New research finds that changes in the climate could undermine the fight against global hunger.

Climate change could set the fight against world hunger back by decades, according to new research by the Intergovernmental Panel on Climate Change. Next week the group will release a major scientific report showing that the effects of climate change on food will be far more serious, and will hit much sooner, than previously thought.

In the face of this news, Oxfam analyzed how well countries around the globe are prepared to respond to changes in the climate. Hot and Hungry: How to stop climate change derailing the fight against hunger analyzes ten key factors that will influence countries’ ability to feed their people in a warming world. Across all ten areas, Oxfam found serious gaps between what governments are doing and what they need to do. The results also show that while many countries—both rich and poor—are unprepared for the impact of climate change on food security, the world’s poorest nations are least prepared and at greatest risk.

Meanwhile, climate change is already affecting what, when, and how much people eat. This year, for example, drought has ruined crops in Brazil’s southeastern breadbasket, including the valuable coffee harvest.

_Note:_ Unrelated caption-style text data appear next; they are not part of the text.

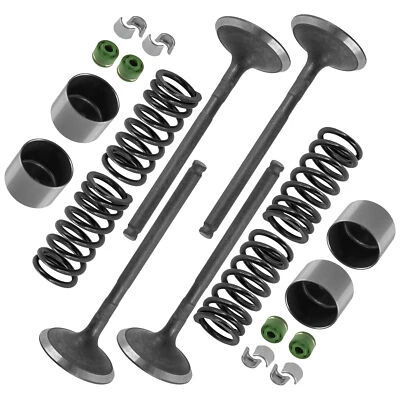 Exhaust Valve Kit For Arctic Cat Bearcat Z1 XT LTD 2010-2014 / 3007784 3007860 Foto 1 de 4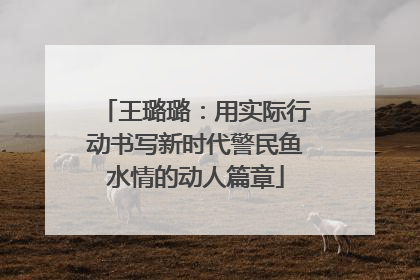 王璐璐：用实际行动书写新时代警民鱼水情的动人篇章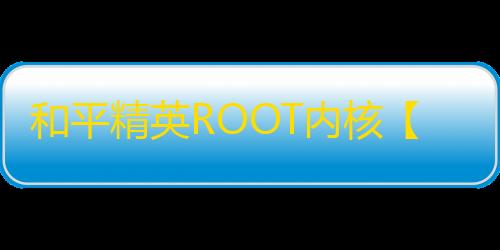 和平精英ROOT内核【YY内核】外挂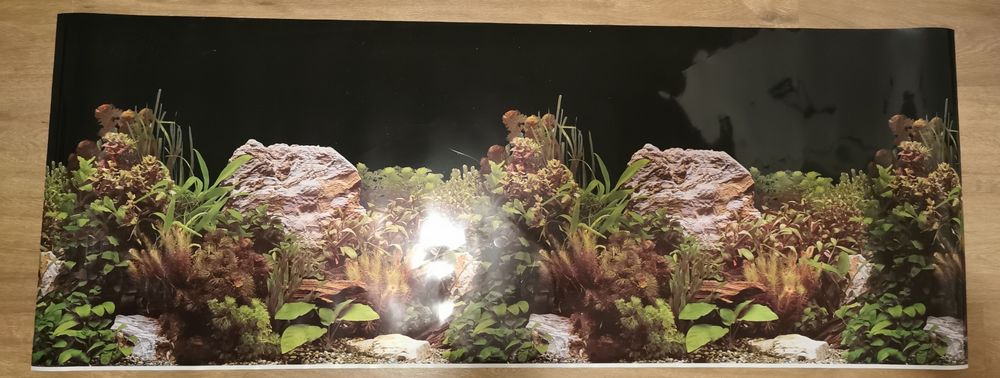 Tło do akwarium nowe 60 x 160 cm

In California, the worst drought in over 100 years is decimating crops across the state, which produces almost half of all the vegetables, fruits, and nuts grown in the US.

To fix the problem, governments, companies, and consumers must act now to cut greenhouse gas emissions, build communities’ resilience to hunger and climate change, and secure international agreements to tackle climate and hunger crises.

“California’s searing drought should show us that unless we change course, no country or company is immune to the havoc climate change will pose on what we eat,” said Raymond C. Offenheiser, president of Oxfam America. “Hunger is not inevitable. If companies and governments get serious about slashing carbon pollution and preparing for rising temperatures, we can overcome this challenge.”